Qualora più prestatori commettano illeciti analoghi, l’irrogazione di provvedimenti disciplinari diversi è legittima, anche se tale circostanza potrà essere valutata dal giudice per verificare la proporzionalità della sanzione.
Nota a Cass. 7 maggio 2020, n. 8621
Sonia Gioia
Ai fini della sussistenza della giusta causa di licenziamento, laddove risulti accertato che l’inadempimento di un lavoratore sia stato tale da compromettere irrimediabilmente il rapporto fiduciario “è di regola irrilevante che un’analoga inadempienza, commessa da altro dipendente, sia stata diversamente valutata dal datore di lavoro”, anche se l’identità di situazioni riscontrate può essere apprezzata dal giudice “per verificare la proporzionalità della sanzione adottata”.

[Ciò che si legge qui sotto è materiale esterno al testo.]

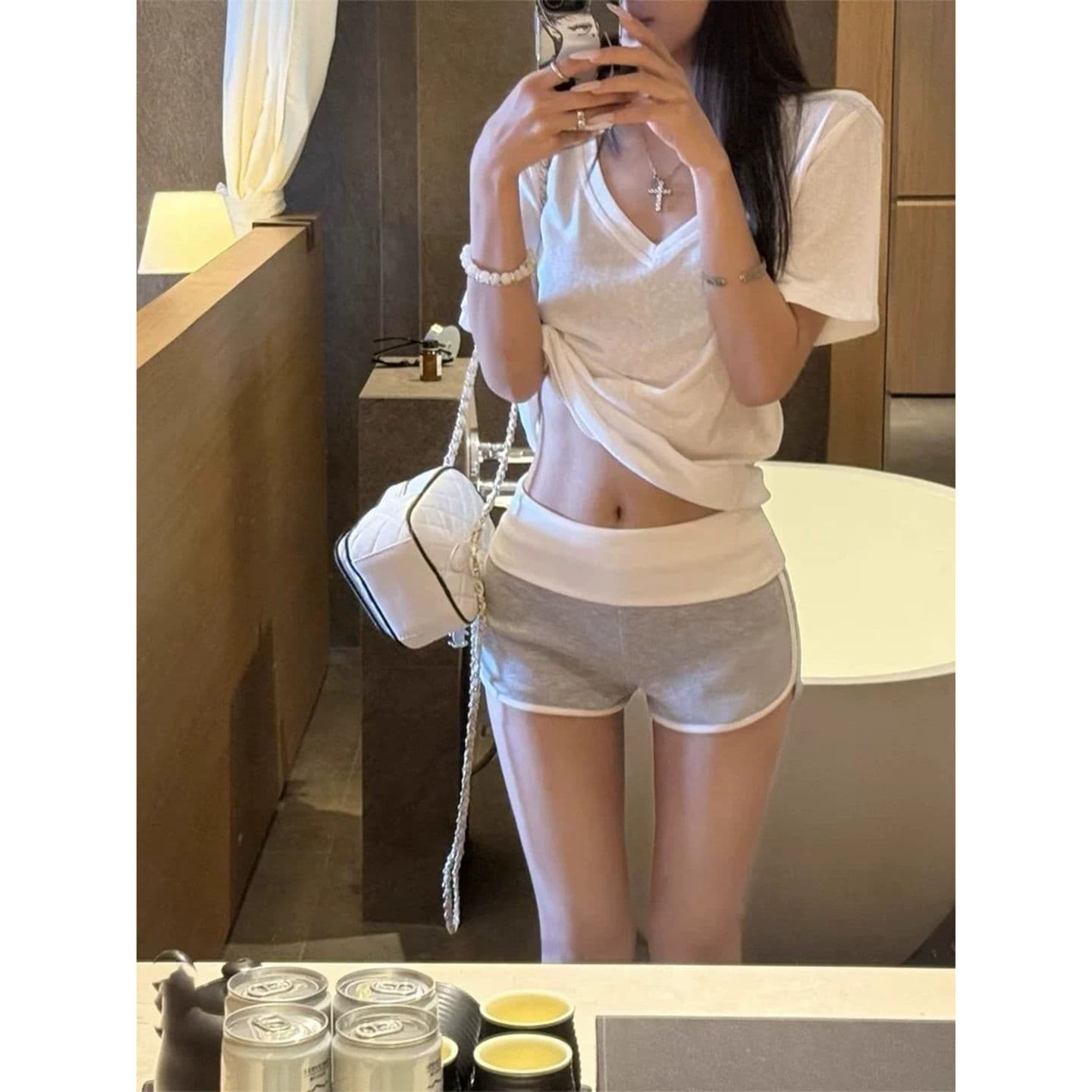 원본 것 반팔 티셔츠 여성 여름 다용도 V넥 디자인 센스 맨위 이미지 5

Lo ha affermato la Corte di Cassazione (7 maggio 2020, n. 8621, conforme ad App. Roma n. 3126/2018) in relazione al licenziamento intimato dalla società datrice ad un lavoratore con mansioni di Responsabile del reparto, per non aver comunicato ai superiori gerarchici e al Responsabile del Servizio di Prevenzione e Protezione la sistematica disattivazione, da parte dei dipendenti dallo stesso coordinati, dei sistemi di sicurezza di rallentamento di velocità dei carrelli.
Il prestatore, in particolare, lamentava sia l’illegittimità del recesso per giusta causa che la disparità di trattamento subita dal momento che per una condotta analoga ad altro dipendente (il Responsabile dell’officina) era stata irrogata una sanzione meramente conservativa.

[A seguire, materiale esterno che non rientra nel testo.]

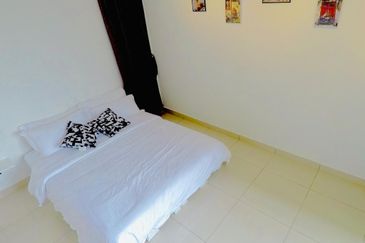 Tropicana Bay Residences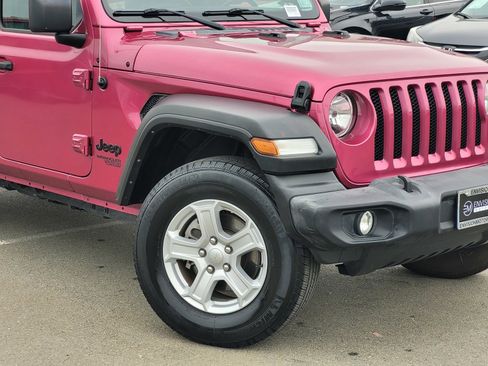 Used 2021 Jeep Wrangler Unlimited Sport image 3
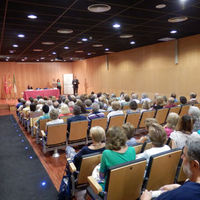 Instante de la entrega de diplomas de la Escuela de Adultos del curso 2013/14.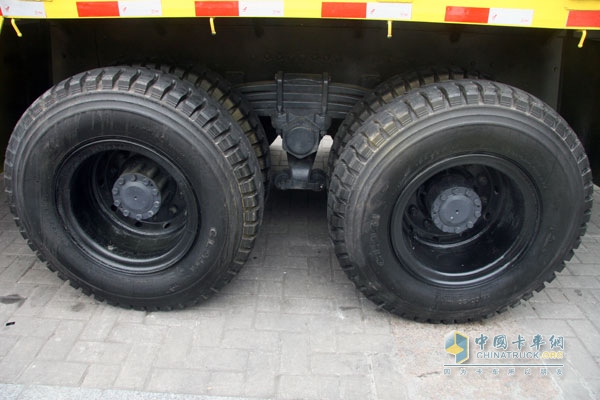 上汽依维柯红岩杰狮 6×4 290马力 国Ⅳ随车起重运输车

In merito, la Corte ha precisato che il datore di lavoro ha l’onere di comunicare i motivi che lo abbiano indotto a ritenere il comportamento di un prestatore meritevole di licenziamento laddove per condotte analoghe, tenute da altri prestatori, egli abbia inflitto sanzioni meramente conservative. Ciò in quanto l’asserita inesistenza di un principio di parità di trattamento non esclude che il recesso non ad nutum debba essere motivato “in modo completo e coerente”.
In sede di accertamento della legittimità del provvedimento, peraltro, la differente valutazione, sul piano sanzionatorio, di illeciti identici da parte del datore di lavoro può indurre il giudice a ritenere sproporzionato il licenziamento, laddove non sorretto da “specifiche ragioni di diversificazione” (v. Cass. n. 10640/2017, annotata in questo sito da F. BELMONTE, Manomissione di raccomandata e licenziamento disciplinare; Cass. n. 10550/2013; Cass. n. 5546/2010).
Nel caso di specie, la Cassazione ha ritenuto giustificata l’applicazione di provvedimenti disciplinari di diversa natura, atteso che le due infrazioni non potevano considerarsi identiche in ragione del diverso ruolo dei dipendenti, dell’elemento soggettivo e della esistenza di precedenti inadempienze.
In particolare, la condotta del Responsabile del reparto che, pur consapevole delle manomissioni, aveva omesso di informare i superiori, configurava una violazione degli obblighi contrattuali tale da ledere irrimediabilmente il vincolo fiduciario alla base del rapporto di lavoro. Ciò in quanto l’inadempienza presentava “lo stesso grave disvalore” della fattispecie esemplificata dalle parti sociali di “danneggiamento volontario o messa fuori opera di dispositivi antinfortunistici”, considerata causa di recesso senza preavviso (art. 70, ccnl Industria Alimentare), e non poteva essere ricondotta nell’ambito delle fattispecie che puniscono con sanzione conservativa la “colpa lieve” del prestatore che ometta di comunicare tempestivamente ai superiori eventuali guasti o malfunzionamenti del macchinario (art. 69, ccnl cit.).
Per la Cassazione, quindi, la Corte distrettuale, nel dichiarare la legittimità del provvedimento espulsivo, ha correttamente attuato i principi che regolano i rapporti tra licenziamento disciplinare e tipizzazioni collettive in base a cui il giudice di merito, ai fini della valutazione della sussistenza della giusta causa, deve verificare che la condotta contestata sia riconducibile alla nozione legale di cui all’art. 2119 c.c., quale “causa che non consenta la prosecuzione, anche provvisoria, del rapporto”, tenendo conto, nell’ambito di tale attività valutativa e sussuntiva, anche della “scala valoriale espressa dalle parti sociali”, ai sensi dell’art. 30, co. 3, L. n. 183/2010 (v. Cass. n. 14063/2019, in questo sito con nota di S. GIOIA, Licenziamento per giusta causa e tipizzazioni del ccnl; Cass. n. 13865/2019; Cass. n. 9396, annotata in questo sito da F. DURVAL, Licenziamento disciplinare e autonomia collettiva).